Elie’s writing style is brisk and factual. He describes the scene with all the necessary detail and completes images with striking adjectives. Such phrases, “His body was completely twisted, shriveled up into himself. His eyes were glazed over, his lips parched, decayed.” As seen on page 88 paint a horrific scene for the audience.
There are many themes to this account, a main one being survival. His life in the camps is often described as living for the next piece of bread, or next bowl of soup; everything else was just filler. The prisoners often had to run great distances in the cold dead of night; which is described with the urgency to just reach the destination alive. He shares that in one case he considered leaving his father to die so he could live without the burden of looking over him; a thought he has always regretted.
Another theme represented is, loss of innocence. In the beginning of his stay at the camps he refused to eat the watery soup and stale bread, commenting that he was still a spoiled child. He also tries to make friends in the beginning and cares for his father more than anything.

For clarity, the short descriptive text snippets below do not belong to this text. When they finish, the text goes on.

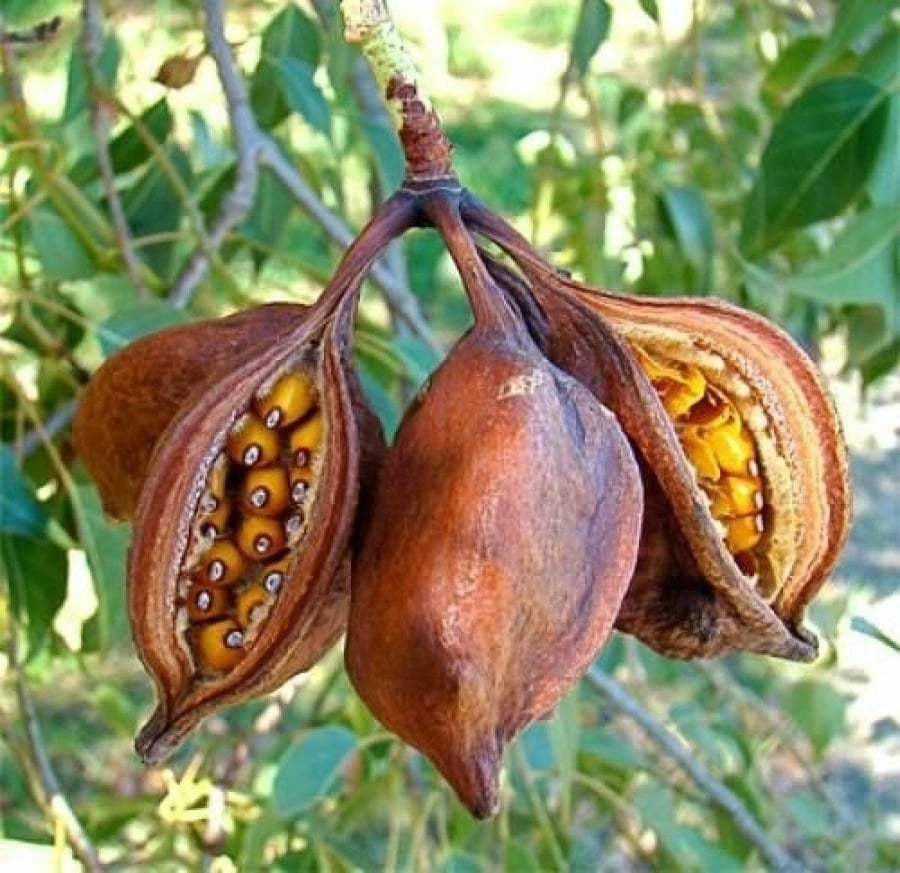 بذور استركوليا لوريدا  -Brachychiton Discolor
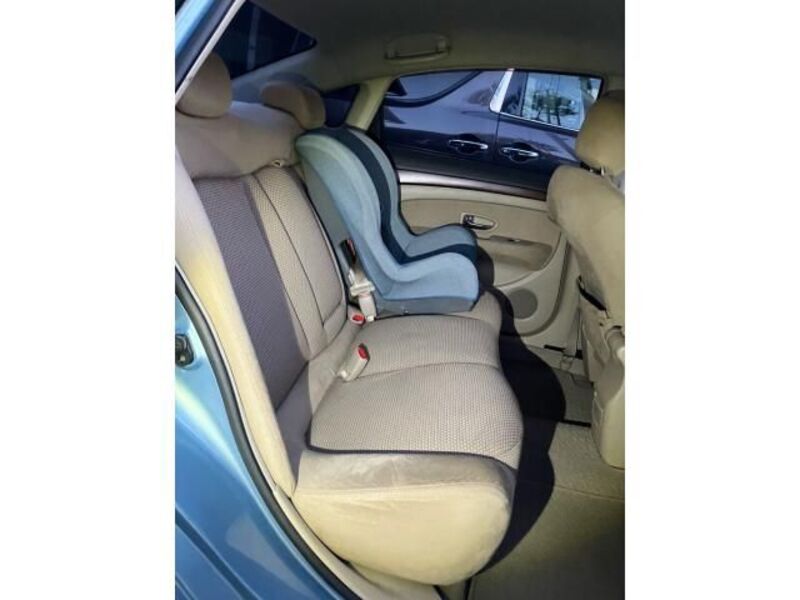 BLUEBIRD SYLPHY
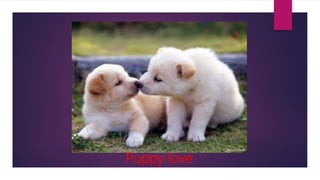 Puppy love
 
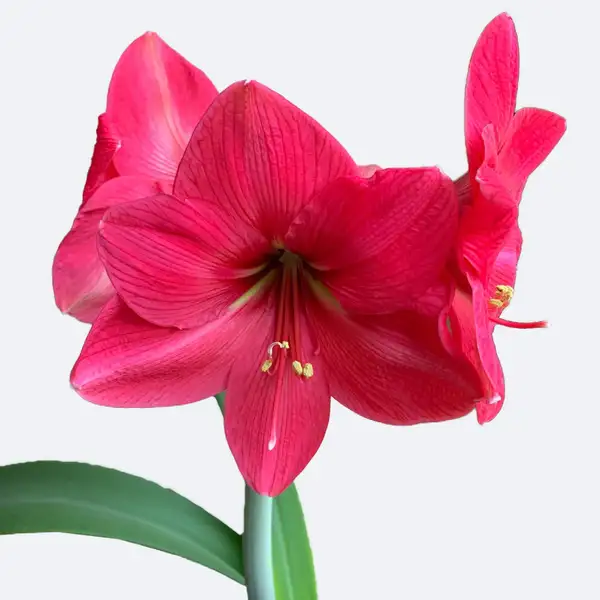 ヒッペアストルム属 Hippeastrum 花言葉 毒性 よくある質問 Picturethis ヒッペアストルム属 Hippeastrum 花言葉 毒性 よくある質問 Picturethis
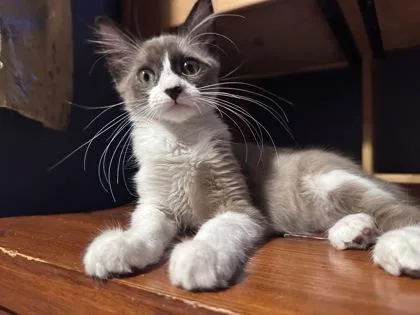 A baby small-sized female Domestic Medium Hair cat named Summer for adoption in Fort Worth, TX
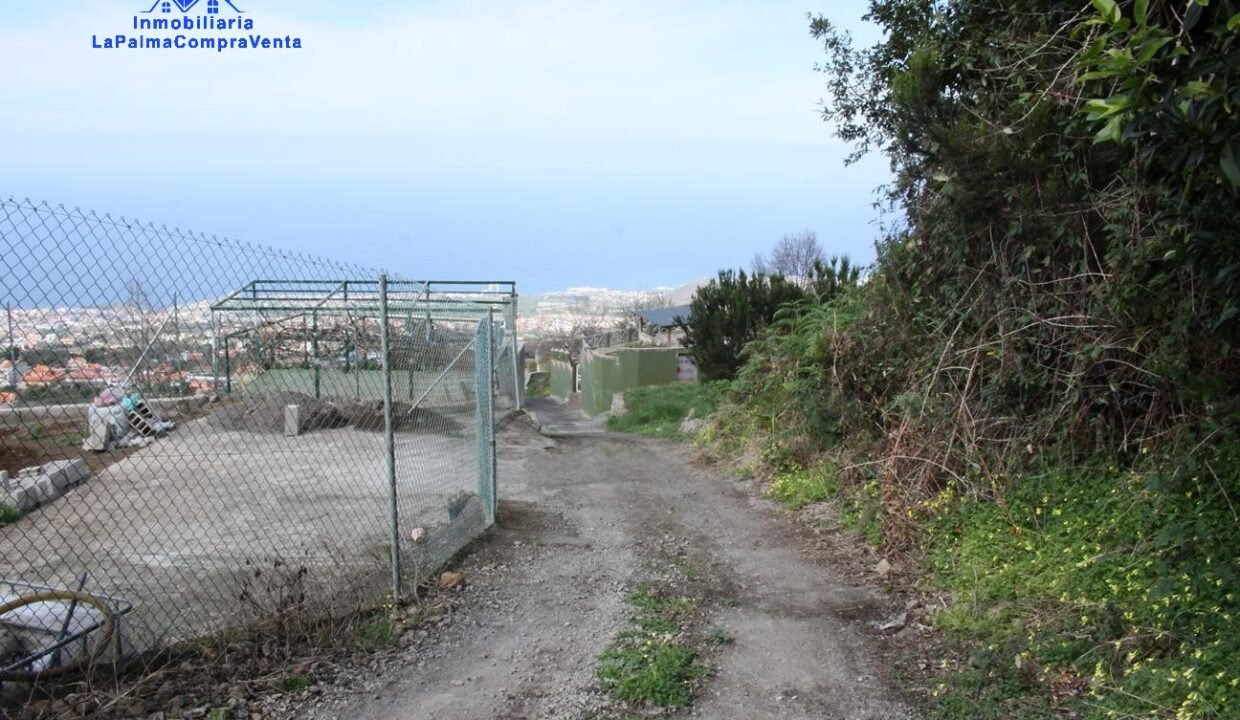 IMG_CaminoDeAcceso_1296x864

Before becoming a prisoner he was a steadfast worshiper of God and lived his life trying to please his Lord. But as his time in the camps goes on, he eats whatever he can. He rarely made connections with people, only doing so when necessary. He began to loath his father and his responsibility to him. Most devastating was his falling from faith. He slowly began to question his God and eventually cursed him for letting innocent people die and not doing anything.
Not only is this memoir a record of his experience, Elie has gone and done research on his own concerning the camps he was kept in. For instance; he was given the chance to stay in one camp with the sick people and possibly die or run with the healthy to a new camp. He chose to run. Later he found out that the camp he left was, “quite simply liberated by the Russians two days after the evacuation.”
This account of the Holocaust is different from other related books, in its simple and tragic sentences, but it is just as haunting.